Records contained in a dataset:
•••••
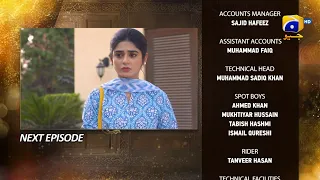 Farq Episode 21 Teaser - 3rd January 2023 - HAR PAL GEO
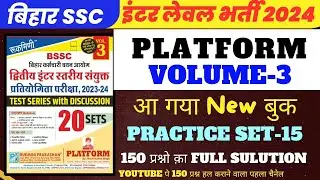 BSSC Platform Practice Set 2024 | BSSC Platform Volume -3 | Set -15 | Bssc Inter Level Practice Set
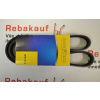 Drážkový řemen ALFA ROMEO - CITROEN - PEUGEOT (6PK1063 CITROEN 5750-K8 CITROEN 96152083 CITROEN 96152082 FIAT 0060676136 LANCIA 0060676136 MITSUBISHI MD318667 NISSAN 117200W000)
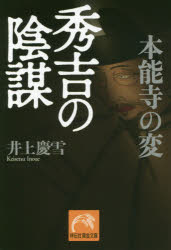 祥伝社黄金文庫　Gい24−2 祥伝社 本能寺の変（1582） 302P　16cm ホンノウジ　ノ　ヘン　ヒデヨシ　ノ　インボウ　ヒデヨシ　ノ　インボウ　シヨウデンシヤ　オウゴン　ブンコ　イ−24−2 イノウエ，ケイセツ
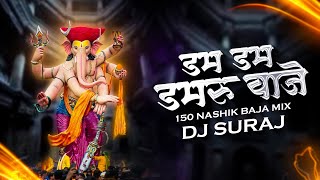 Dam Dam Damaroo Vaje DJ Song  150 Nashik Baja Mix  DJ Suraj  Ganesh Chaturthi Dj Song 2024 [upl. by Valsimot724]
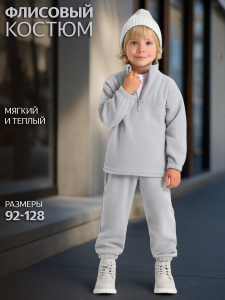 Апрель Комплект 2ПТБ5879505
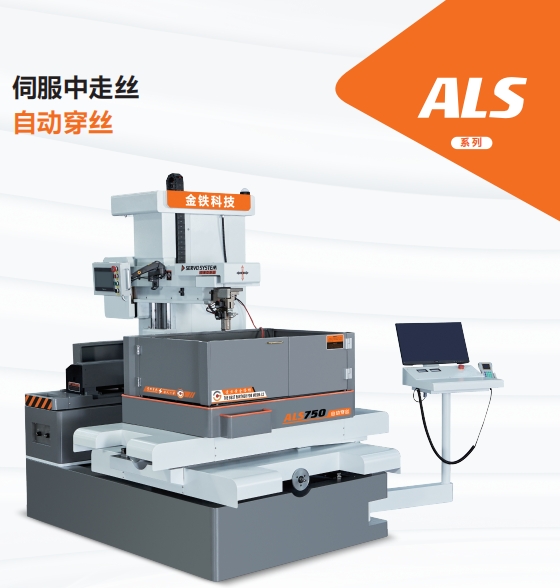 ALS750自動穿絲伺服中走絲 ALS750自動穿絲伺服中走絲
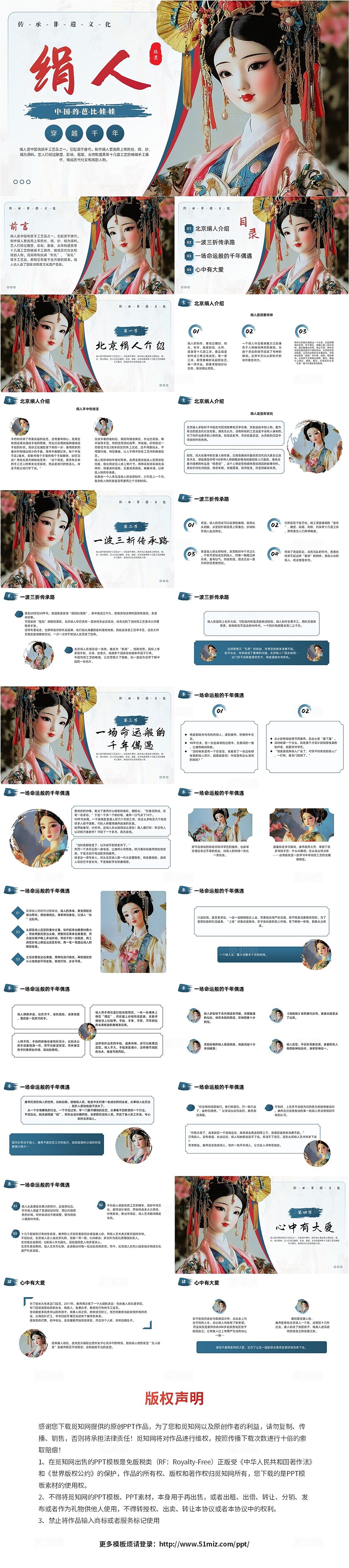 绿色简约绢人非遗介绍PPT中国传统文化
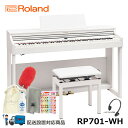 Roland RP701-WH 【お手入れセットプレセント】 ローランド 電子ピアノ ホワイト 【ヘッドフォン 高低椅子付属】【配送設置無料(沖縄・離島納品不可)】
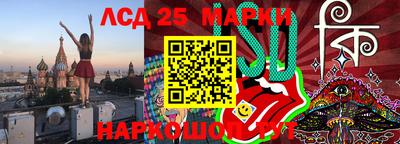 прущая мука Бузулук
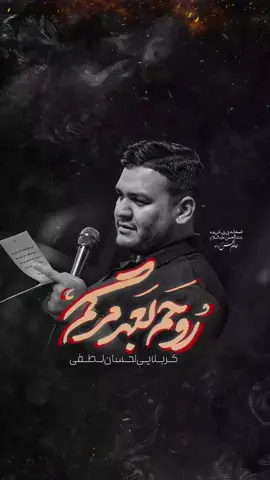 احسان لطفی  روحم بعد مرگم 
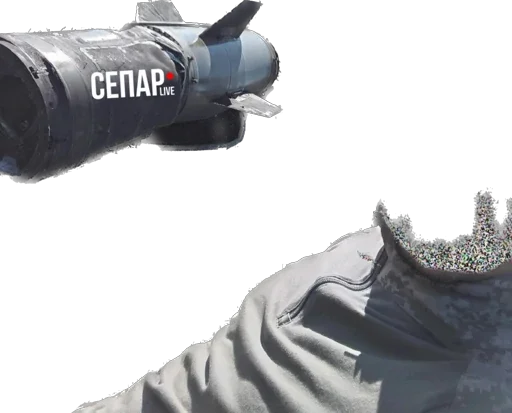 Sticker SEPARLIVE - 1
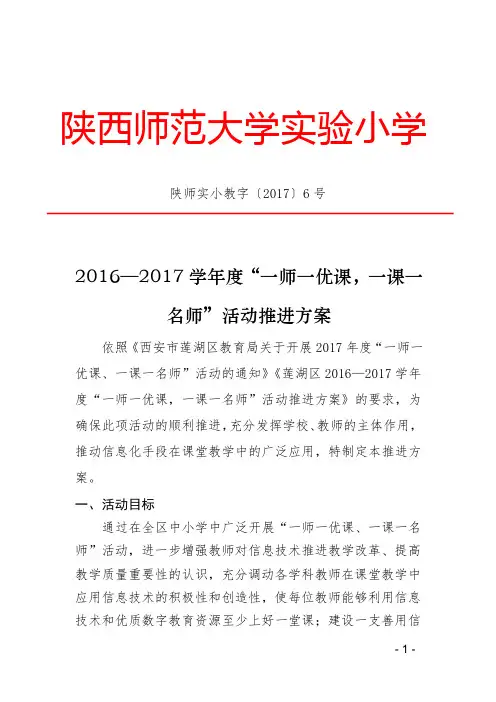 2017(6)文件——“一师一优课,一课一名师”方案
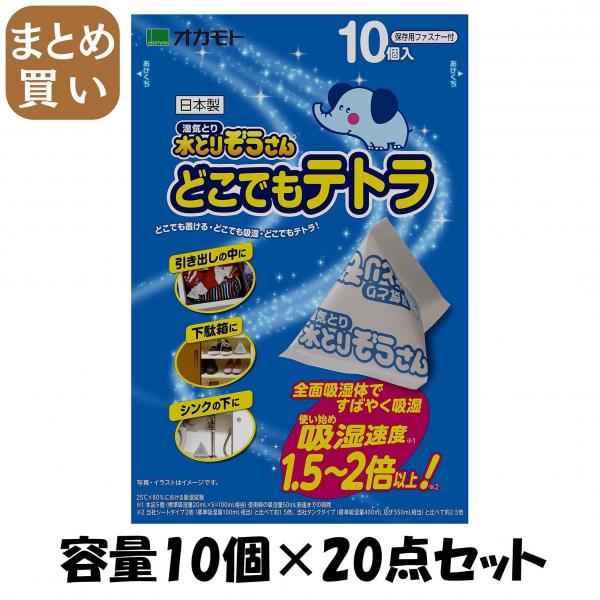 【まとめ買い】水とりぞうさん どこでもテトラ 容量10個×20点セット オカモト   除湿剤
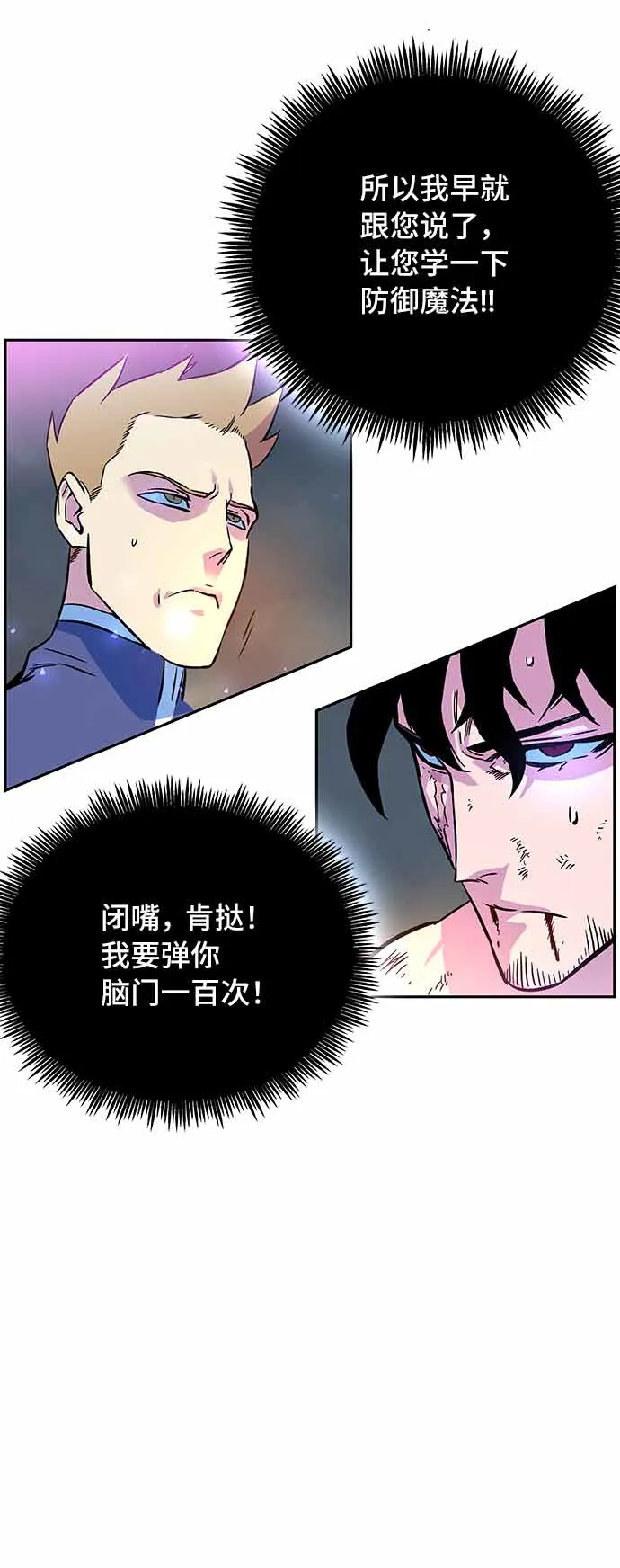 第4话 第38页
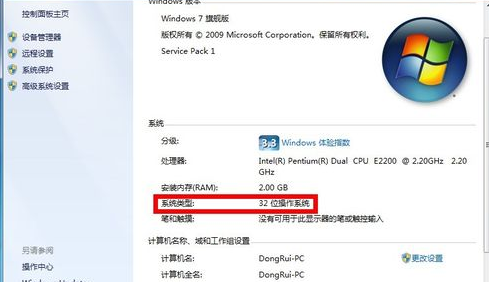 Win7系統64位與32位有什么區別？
•••••
__REQUIRED WORK__.
Give back all entries exactly. No pictures belong in the copy.

__RESULT FOR THIS EXERCISE__.
 Farq Episode 21 Teaser - 3rd January 2023 - HAR PAL GEO
 BSSC Platform Practice Set 2024 | BSSC Platform Volume -3 | Set -15 | Bssc Inter Level Practice Set
 Drážkový řemen ALFA ROMEO - CITROEN - PEUGEOT (6PK1063 CITROEN 5750-K8 CITROEN 96152083 CITROEN 96152082 FIAT 0060676136 LANCIA 0060676136 MITSUBISHI MD318667 NISSAN 117200W000)
 祥伝社黄金文庫　Gい24−2 祥伝社 本能寺の変（1582） 302P　16cm ホンノウジ　ノ　ヘン　ヒデヨシ　ノ　インボウ　ヒデヨシ　ノ　インボウ　シヨウデンシヤ　オウゴン　ブンコ　イ−24−2 イノウエ，ケイセツ
 Dam Dam Damaroo Vaje DJ Song  150 Nashik Baja Mix  DJ Suraj  Ganesh Chaturthi Dj Song 2024 [upl. by Valsimot724]
 Апрель Комплект 2ПТБ5879505
 ALS750自動穿絲伺服中走絲 ALS750自動穿絲伺服中走絲
 绿色简约绢人非遗介绍PPT中国传统文化
 Roland RP701-WH 【お手入れセットプレセント】 ローランド 電子ピアノ ホワイト 【ヘッドフォン 高低椅子付属】【配送設置無料(沖縄・離島納品不可)】
 прущая мука Бузулук
 احسان لطفی  روحم بعد مرگم 
 Sticker SEPARLIVE - 1
 2017(6)文件——“一师一优课,一课一名师”方案
 【まとめ買い】水とりぞうさん どこでもテトラ 容量10個×20点セット オカモト   除湿剤
 第4话 第38页
 Win7系統64位與32位有什么區別？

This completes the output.